┌──

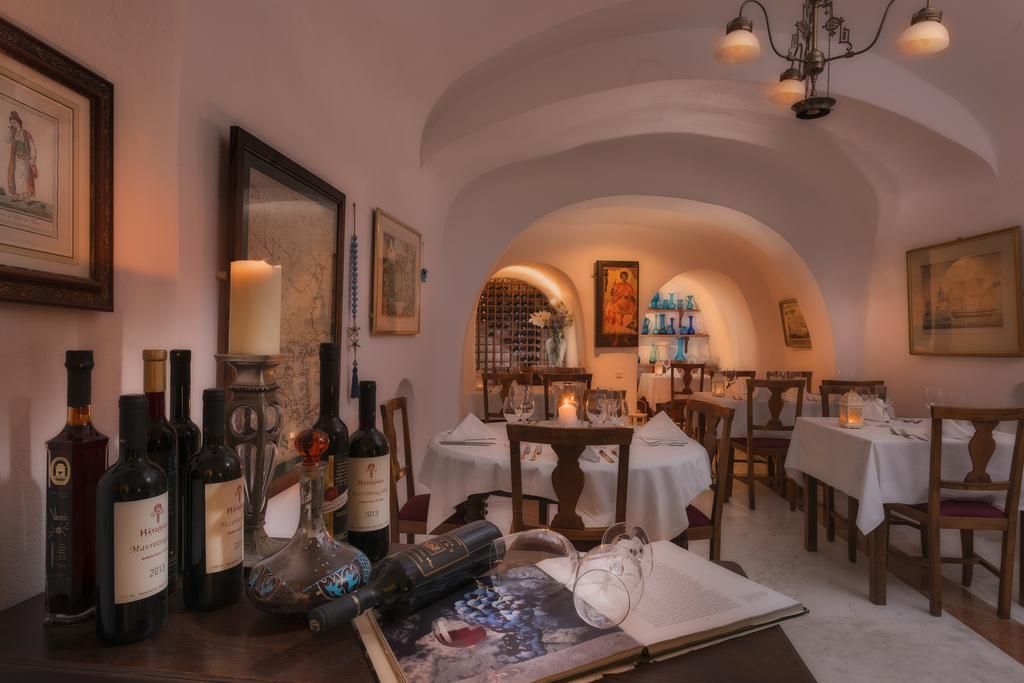 Aigialos Luxury Traditional Settlement Fira  Exterior photo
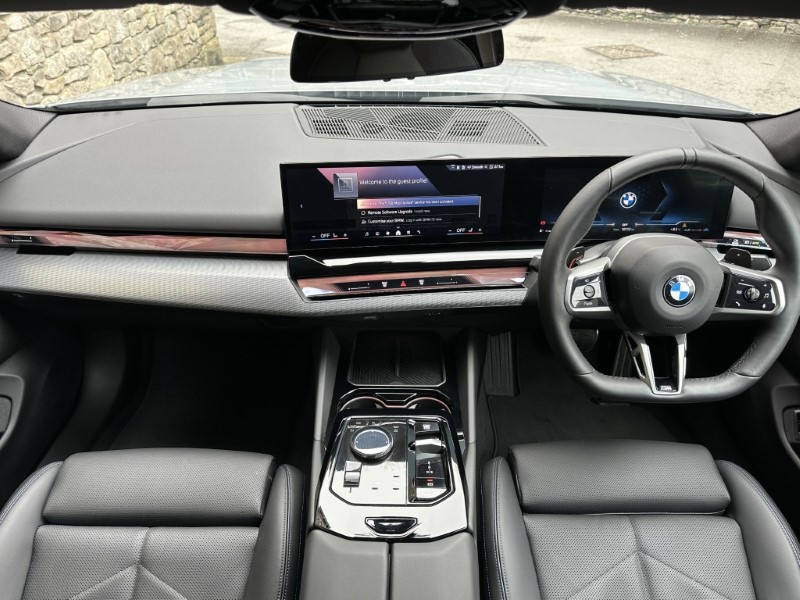 2025 (75) BMW 5 SERIES 520i M Sport Pro 4dr Auto 5198365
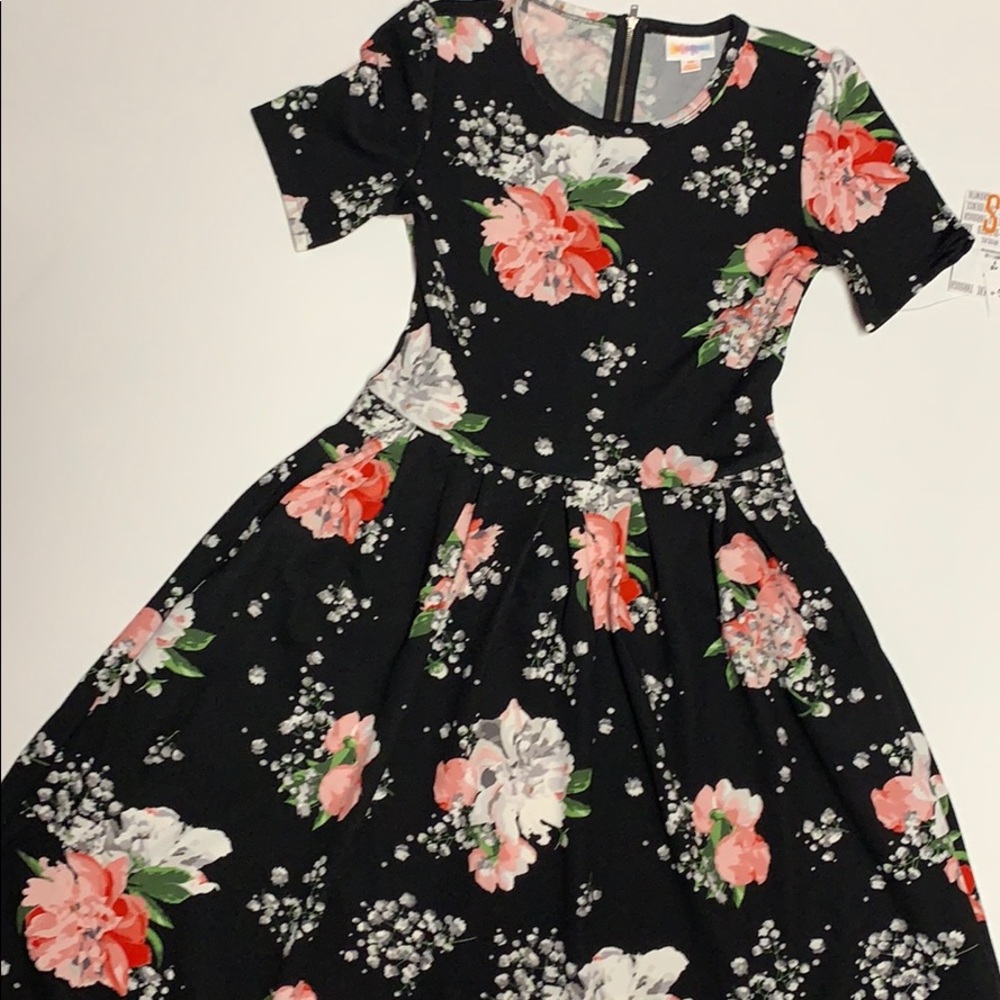 NWT LULAROE AMELIA DRESS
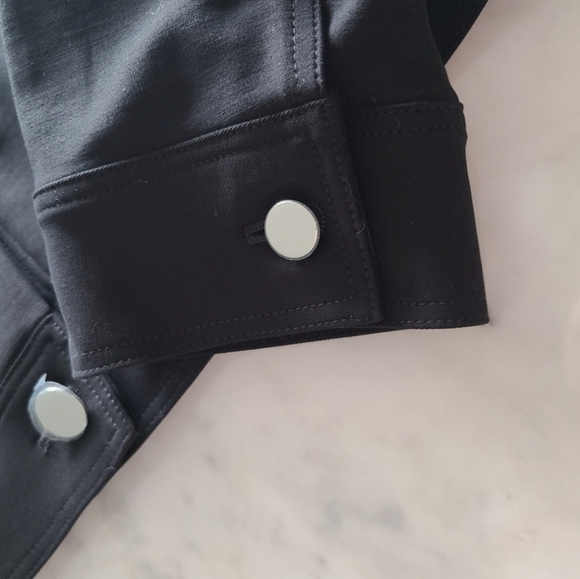 Theory Cropped Denim Jacket, Size Large, Black, NWT - Picture 12 of 14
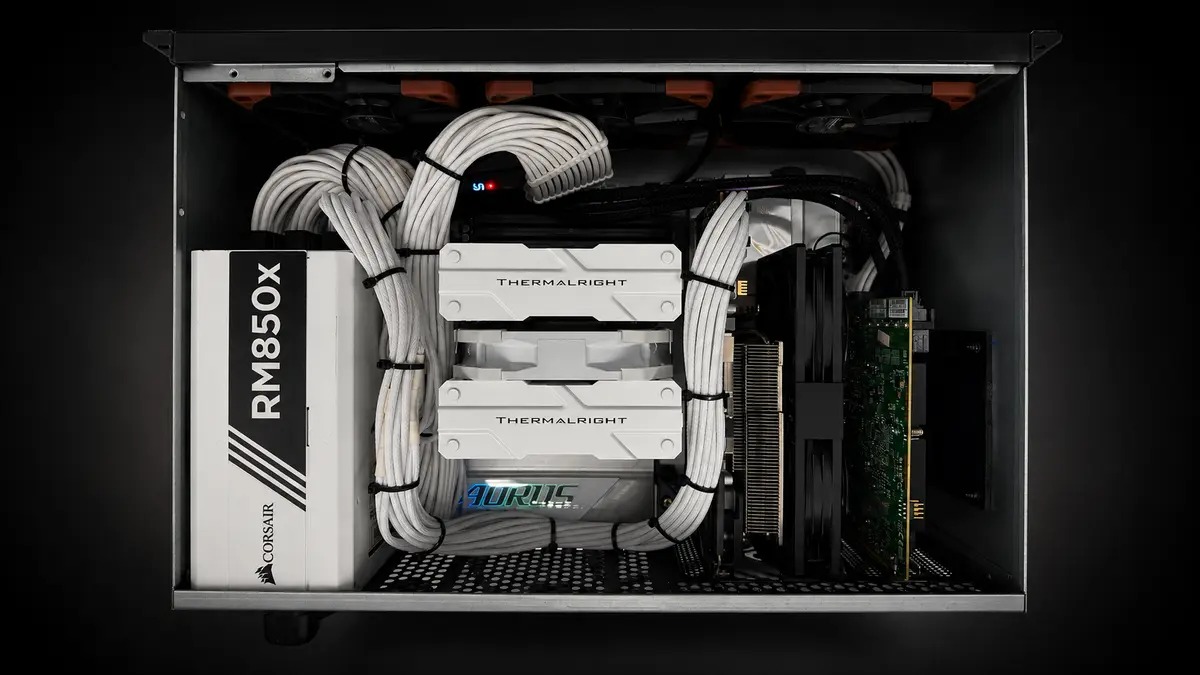 Interno del rack Nerd Force One con storage, switch e cablaggi Nerd Company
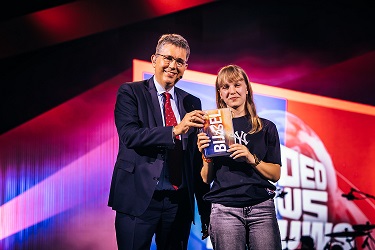 Jongerenbijbel%20overhandigd%20aan%20Sophie_Jongerendag_Foto%20EO%20Set%20Vexy Nederlands-Vlaams bijbelgenootschap infoberichten augustus 2025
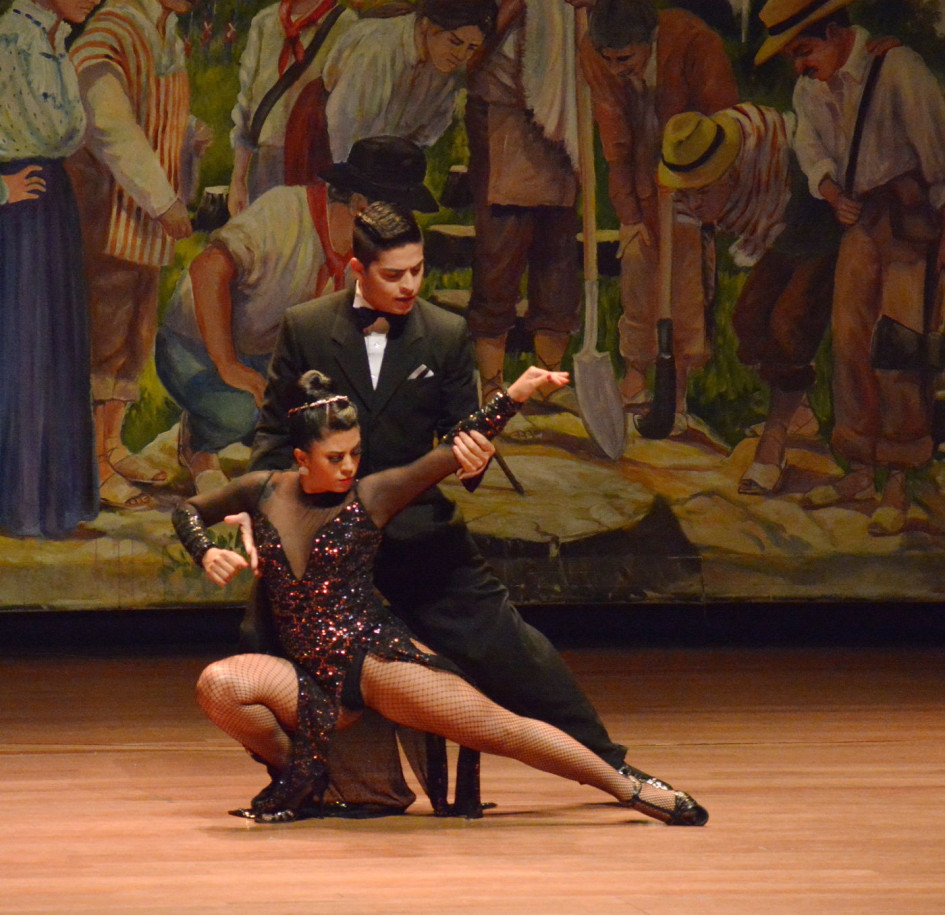 bailarines de tango bailando en Fundadores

└──

→ **WHAT THE TASK ASKS**:
In the material above, retype exactly the lines that run from the one containing "2025 (75) BMW" through the last line, and keep out the pictures.

→ **WRITTEN RESPONSE**:
 2025 (75) BMW 5 SERIES 520i M Sport Pro 4dr Auto 5198365
 NWT LULAROE AMELIA DRESS
 Theory Cropped Denim Jacket, Size Large, Black, NWT - Picture 12 of 14
 Interno del rack Nerd Force One con storage, switch e cablaggi Nerd Company
 Jongerenbijbel%20overhandigd%20aan%20Sophie_Jongerendag_Foto%20EO%20Set%20Vexy Nederlands-Vlaams bijbelgenootschap infoberichten augustus 2025
 bailarines de tango bailando en Fundadores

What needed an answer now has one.